Public Options
Opening the Door to Public Grocery Stores
07. 09. 2025
Evaluating whether public grocery options could meet food access needs in Illinois communities.

Prepared April 2024 for the City of Chicago
Economic Security Project commissioned this report in collaboration with HR&A to support applications to the Illinois Grocery Initiative. This feasibility study helped shape the cities of Chicago and Venice, Illinois’ plans to develop public option grocery stores. Since its release, the report has informed public option grocery initiatives nationwide, including in the New York City mayoral race, after finding that public option grocery stores were “necessary, feasible, and implementable.”
The report’s focus on Chicago models various decision points that those interested in grocery public options should consider.
- Municipalities should consider community needs. For example, rural communities may only need a single large store, while a more urban community may need a series of smaller fresh food markets to serve multiple neighborhoods.
- A municipality should consider its capacity to fully construct, own, and operate the grocery store.
In St. Paul, the municipality and residents came together first as volunteers and later as a municipally-owned store to solve their food desert concerns. In both Venice, Illinois, and Atlanta, Georgia, a public-private partnership approach secures grocery store infrastructure as a municipally owned asset that can be leased to an independent, private operator. Both approaches can also incorporate a wide network of actors supporting the effort, from nonprofits actively building and operating co-located investments (Madison, Wisconsin, for example), to philanthropic organizations playing a supporting financial role, like in Atlanta.

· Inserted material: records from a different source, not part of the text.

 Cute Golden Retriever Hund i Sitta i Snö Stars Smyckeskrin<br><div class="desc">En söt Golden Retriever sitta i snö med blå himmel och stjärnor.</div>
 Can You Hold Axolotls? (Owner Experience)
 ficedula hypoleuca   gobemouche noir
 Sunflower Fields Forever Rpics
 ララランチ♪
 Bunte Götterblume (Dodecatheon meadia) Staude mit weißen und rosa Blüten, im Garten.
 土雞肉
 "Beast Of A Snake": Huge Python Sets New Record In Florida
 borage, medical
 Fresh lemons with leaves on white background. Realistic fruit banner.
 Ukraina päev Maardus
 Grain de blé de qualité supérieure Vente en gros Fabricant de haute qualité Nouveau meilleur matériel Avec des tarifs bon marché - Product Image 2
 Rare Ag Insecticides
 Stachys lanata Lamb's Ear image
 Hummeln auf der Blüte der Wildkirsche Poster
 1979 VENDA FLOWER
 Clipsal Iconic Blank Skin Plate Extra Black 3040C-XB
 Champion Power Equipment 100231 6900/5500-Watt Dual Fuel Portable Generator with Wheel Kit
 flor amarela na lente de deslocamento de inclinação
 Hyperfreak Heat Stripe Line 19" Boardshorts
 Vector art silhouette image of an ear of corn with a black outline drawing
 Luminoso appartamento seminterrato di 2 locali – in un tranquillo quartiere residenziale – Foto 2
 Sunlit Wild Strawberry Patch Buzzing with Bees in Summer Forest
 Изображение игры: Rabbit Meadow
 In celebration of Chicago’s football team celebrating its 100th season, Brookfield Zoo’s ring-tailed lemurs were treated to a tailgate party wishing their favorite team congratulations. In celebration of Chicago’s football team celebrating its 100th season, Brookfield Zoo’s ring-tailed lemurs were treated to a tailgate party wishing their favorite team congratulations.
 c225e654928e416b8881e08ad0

Altogether, this report proves opening a public option grocery store is one way for municipalities to address food access and create a cornerstone of the community for future investments. While public grocery stores cannot be the singular one-stop solution to lower costs or undo decades of corporate concentration in the industry, grocers anchor future opportunities for investment in neighborhoods where there were none prior. Access to food makes households more stable, communities more whole, and de-risks future private investment once the public option grocery store matures, establishing new foot traffic patterns. Public options allow communities to bet on themselves–building systems for more local hiring, contracting, and catalyzing indirect investment.